Cette rencontre s’inscrit dans le cadre des actions menées pendant le mois de Ramadan
La cérémonie de rupture était
dirigée par le premier responsable de la Dirpa, le colonel-major Souleymane
Dembélé, en présence de l’ancien directeur de la structure, le colonel-major à
la retraite Diarran Koné. Cette pratique symbolise l’esprit de partage et de
solidarité qui caractérise le mois sacré du Ramadan et illustre l’importance du
dialogue et de la coopération entre les médias et la Dirpa. C’est pourquoi,
elle a été placée sous le signe de : «la communion, du pardon et de
l’acceptation dans nos différences». En clair, la Dirpa compte sur la presse
pour promouvoir des valeurs de paix et de fraternité au sein de la société.
Dans
son discours de bienvenue, le colonel-major Souleymane Dembélé a fait savoir
que cette rencontre s’inscrit dans le cadre des actions menées pendant le mois
de Ramadan. Pour lui, il s’agit donc de magnifier ce mois béni en se retrouvant
entre partenaires et collaborateurs. Selon l’explication du directeur,
communion parce que «nous travaillons ensemble et nous sommes obligés de le
faire pour réussir nos différentes missions». Le pardon, a-t-il poursuivi,
parce que le travail ensemble ne se fait pas sans souvent des malentendus.
Et enfin l’acceptation dans nos différences, parce que «nous n’avons pas les mêmes cultures, coutumes et habitudes, toutes choses que nous devrions prendre en compte dans nos relations». Le colonel-major Souleymane Dembélé a formulé des vœux pour la presse et pour l’ensemble du Mali.
Après
cette étape, le signal de la rupture du jeûne a ensuite été donné pour partager
un repas simple mais convivial. Par la suite, l’ancien chef de la Dirpa, le
colonel-major à la retraite Diarran Koné a exprimé toute sa satisfaction quant
à l’organisation de cette cérémonie empreinte de joie et de communion.
Il
a expliqué que tout ce qui est collectif a une sémantique de rassemblement, du
développement et d’humanisme.

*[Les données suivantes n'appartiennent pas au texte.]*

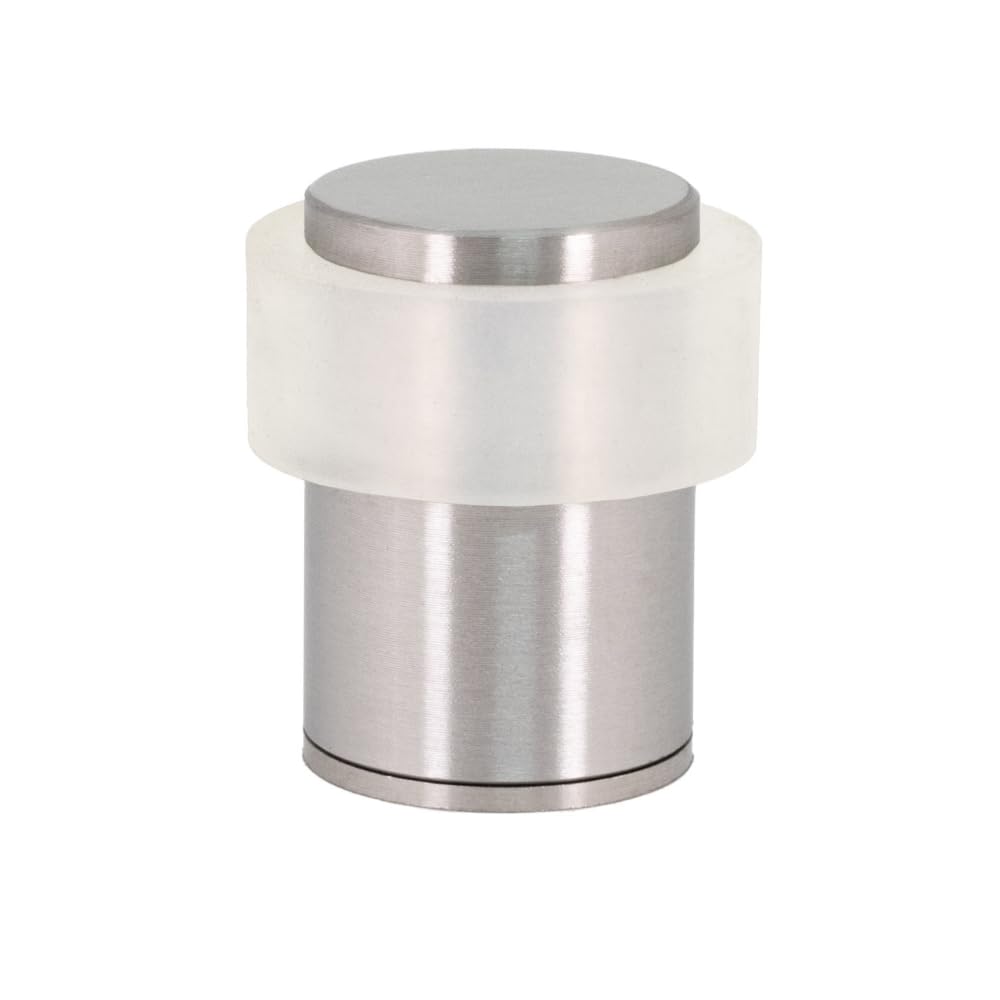 EVI Herrajes | Door Stop | Stainless Steel | 24 x 35 mm | Screwed Threaded Base | Matte Finish | Includes Screw + Mounting Plug | Mod. I-199/24X35-BCBAM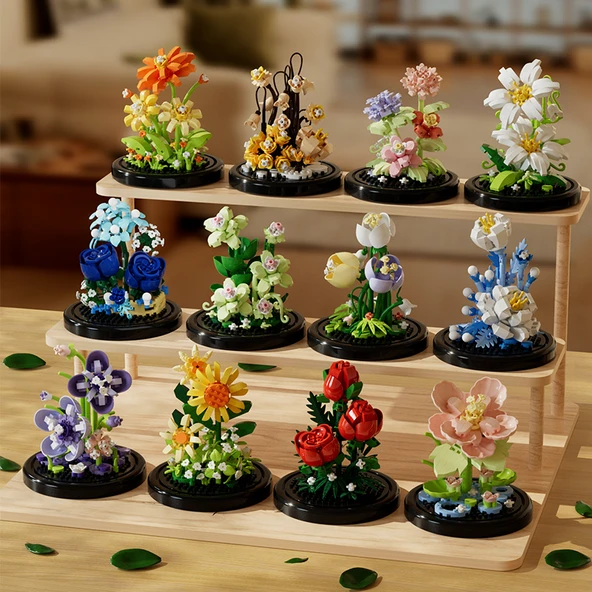 Çiçek Saksısı Yapı Blokları Buket Puzzle - Yeni Çin Çin Modası-Şeftali Çiçeği [Çiçek Kokulu] - 5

L’ancien directeur Diarran Koné a prié pour que
cette communion aboutisse en paix, en bonheur et en quiétude pour les Maliens
singulièrement pour les Forces armées maliennes (FAMa). «Nous allons prier pour
que cette tradition se perpétue le plus longtemps possible», a-t-il prêché.
La séance de rupture collective a pris fin par des prières et bénédictions pour la construction d’une société plus juste, inclusive et harmonieuse. Cette fois-ci, la traditionnelle conférence de presse prévue généralement les premiers lundis du mois n’a pas été respectée. Celle de ce mois de mars a été différée pour des raisons de Pâques.